Van filled with $350,000 rare books stolen in Oakland

Moe's Books

Van filled with $350,000 rare books stolen in Oakland

Source: SFGate
By Jenna Lyons Published 4:51 pm, Friday, February 19, 2016

A man had a van with $350,000 worth of valuable books stolen from outside an Oakland home. It’s believed the men went to Moe’s Books in Berkeley to try to sell a few thousand dollars worth in novels.

Photo: John McMurtrie

A man had a van with $350,000 worth of valuable books stolen from outside an Oakland home. It’s believed the men went to Moe’s Books in Berkeley to try to sell a few thousand dollars worth in novels.

He’s been in the book dealing business for more than 15 years, but Lawrence Van De Carr said he’d never come across such a jewel of a title: a mint copy of Isaac Asimov’s 1950 classic “I, Robot” valued at $8,500. That novel, once a prized possession of Van De Carr’s, is now gone, along with around 400 of his other books worth well over $350,000. Someone stole his van filled with boxes of rare books while it was parked outside a friend’s Oakland home this week.

“The thing about that book is it was as new as the day it was published.

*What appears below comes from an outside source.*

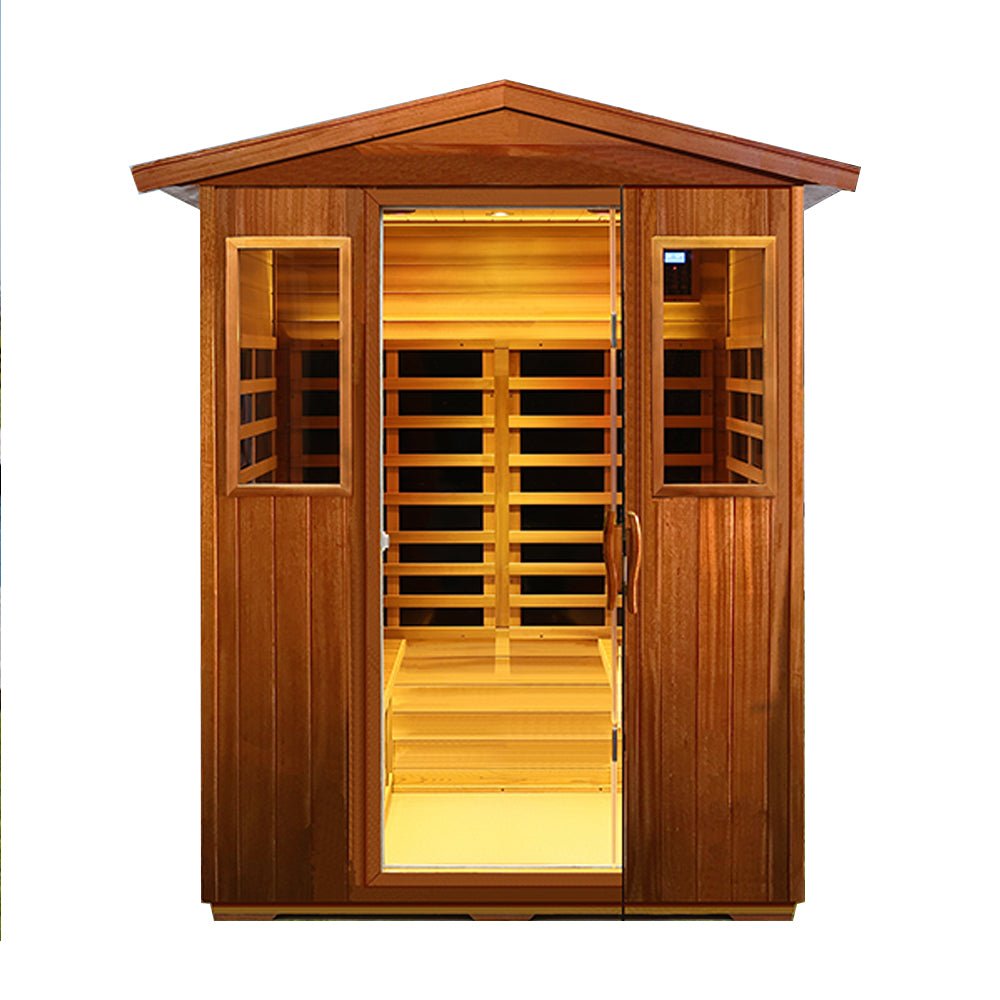 4-Person Luxury Low EMF Outdoor FAR Infrared Home Sauna With Bluetooth Audio, 2050W (96415372)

Just a perfect, perfect copy. It glistened,” Van De Carr lamented.

“It’s my livelihood, it’s how I make a living,” added Van De Carr, owner of Bootlegger’s Books in Chicago. “Now, I have nothing.”

One suspect has been arrested, he said, but his van filled with novels penned by Faulkner, Hemingway and Cormac McCarthy, among other famous authors, has not been found.

Van De Carr has spent more than a decade making several visits to the Bay Area for annual book fairs. Two every February, and two in every October. He just attended fairs in San Mateo and Pasadena, and like always, planned to stay with a friend in Oakland in February, avoiding the harsh winter in Chicago for at least a short while. He said he parked his silver 2008 Ford van outside his friend’s home Monday afternoon. But when he went outside Tuesday morning, it was gone.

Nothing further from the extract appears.